Author: Abigail Brundin
Publisher: Oxford University Press
Published: 2018-07-11
Total Pages: 454
ISBN-13: 0192548484
DOWNLOAD EBOOKThe Sacred Home in Renaissance Italy explores the rich devotional life of the Italian household between 1450 and 1600. Rejecting the enduring stereotype of the Renaissance as a secular age, this interdisciplinary study reveals the home to have been an important site of spiritual revitalization. Books, buildings, objects, spaces, images, and archival sources are scrutinized to cast new light on the many ways in which religion infused daily life within the household. Acts of devotion, from routine prayers to extraordinary religious experiences such as miracles and visions, frequently took place at home amid the joys and trials of domestic life -- from childbirth and marriage to sickness and death. Breaking free from the usual focus on Venice, Florence, and Rome, The Sacred Home investigates practices of piety across the Italian peninsula, with particular attention paid to the city of Naples, the Marche, and the Venetian mainland. It also looks beyond the elite to consider artisanal and lower-status households, and reveals gender and age as factors that powerfully conditioned religious experience.

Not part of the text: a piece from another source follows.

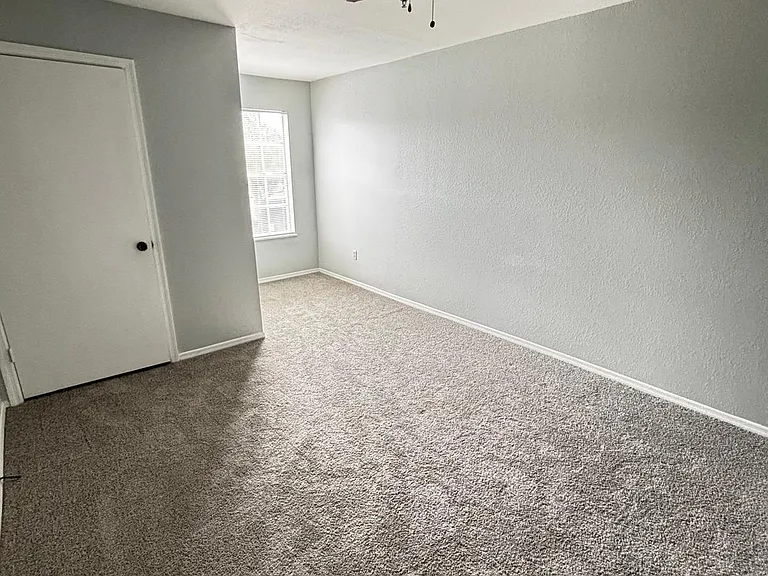 1610 Columbia Arms Cir #231 — Photo 10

Recovering a host of lost voices and compelling narratives at the intersection between the divine and the everyday, The Sacred Home offers unprecedented glimpses through the keyhole into the spiritual lives of Renaissance Italians.
Author: Sir Thomas Graham Jackson
Publisher:
Published: 1922
Total Pages: 328
ISBN-13:
DOWNLOAD EBOOKAuthor: John Cherichello
Publisher:
Published: 2016
Total Pages: 0
ISBN-13:
DOWNLOAD EBOOKAuthor: Fabio Benzi
Publisher: Rizzoli International Publications
Published: 1997
Total Pages: 0
ISBN-13: 9780847820566
DOWNLOAD EBOOKBuilt by the greatest architects of the Renaissance and Baroque periods, decorated by the most important artists of Italy, Roman palaces are grand beyond description. This magnificent book showcases 24 such dwellings--from the Palazzo Farnese, designed by Michelangelo, to the Palazzo Quirinale, headquarters of the President of the Republic--all photographed by the renowned Roberto Schezen. 450 color illustrations.